Harvard Forest Symposium Abstract 2015

Title: Collecting and Visualizing Data Provenance in R
Primary Author: Emery Boose (Harvard Forest)
Additional Authors: Aaron Ellison (Independent); Barbara Lerner (Mount Holyoke College); Lee Osterweil (University of Massachusetts - Amherst )
Abstract:
The ability to understand and replicate a data analysis is enhanced by metadata that describe exactly how the data were created and transformed, including all of the data artifacts and processes used along the way. However, few (if any) workflow or scripting environments currently available capture all of this information (also known as data provenance). Rather, most software used for data analysis is optimized for performance and ease of use and not for tracking provenance. As a result, data provenance has had little impact so far in improving the transparency, reliability, and reproducibility of scientific results.

Two major challenges must be overcome to bring data provenance within reach of domain scientists. First, the software tools that collect data provenance must be easy to use; ideally the analytical tools that scientists already use should be augmented to provide this service. This is a non-trivial task, since much of the required information is dynamic and must be collected and recorded while the script or program is executing. Second, data provenance (once collected) has the potential to be very large and complex. As a result, scientists will need effective tools for visualizing, querying, and managing these metadata or they will have no practical value.

In this project we are developing two software tools to make data provenance available to users of the R statistical language, which is widely used by ecologists and environmental scientists for data analysis and visualization. The first tool is RDataTracker, a special library of R functions (written in R) that collects data provenance in the form of a Data Derivation Graph (or DDG) as an R script executes. The second tool is DDG Explorer, a stand-alone program (written in Java) used to visualize, query, and store DDGs. Current versions of these tools and associated documentation are available on the HF website as dataset HF091.

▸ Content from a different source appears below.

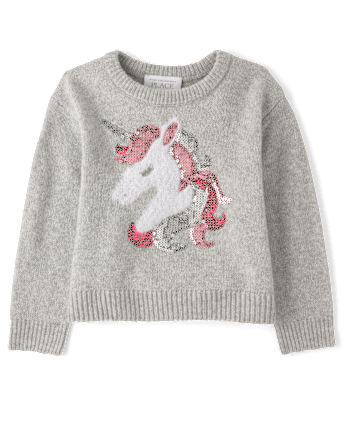 Toddler Girls Long Sleeve Sequin Sweater H T MIST The Children s Place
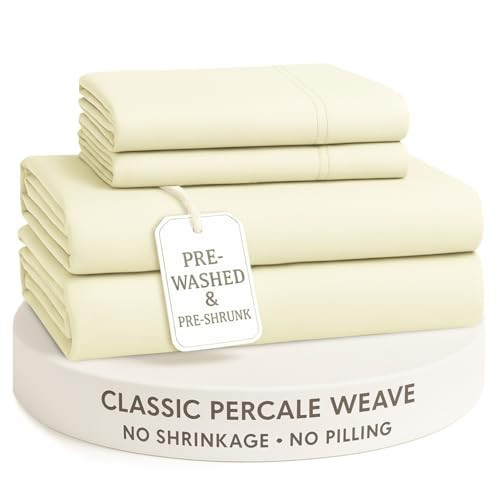 LANE LINEN Sheet Queen Size Bed Set – Long-Staple 100% Cotton, Pre-Shrunk Bedding Sheet in Percale Weave, Soft Luxury Comfort, Perfect for Year-Round Use, Snug Fit 15” Deep Pocket, Low Pill – Ivory | Amazon (US)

Over the next year, as we continue to develop these tools and gather feedback from scientists at Harvard Forest and elsewhere, we plan to (1) refine the features and user interface of DDG Explorer to make it easier for scientists to understand and make use of data provenance, and (2) explore how data provenance might be used as a debugging tool to assist scientists in developing R scripts.
Research Category: Ecological Informatics and Modelling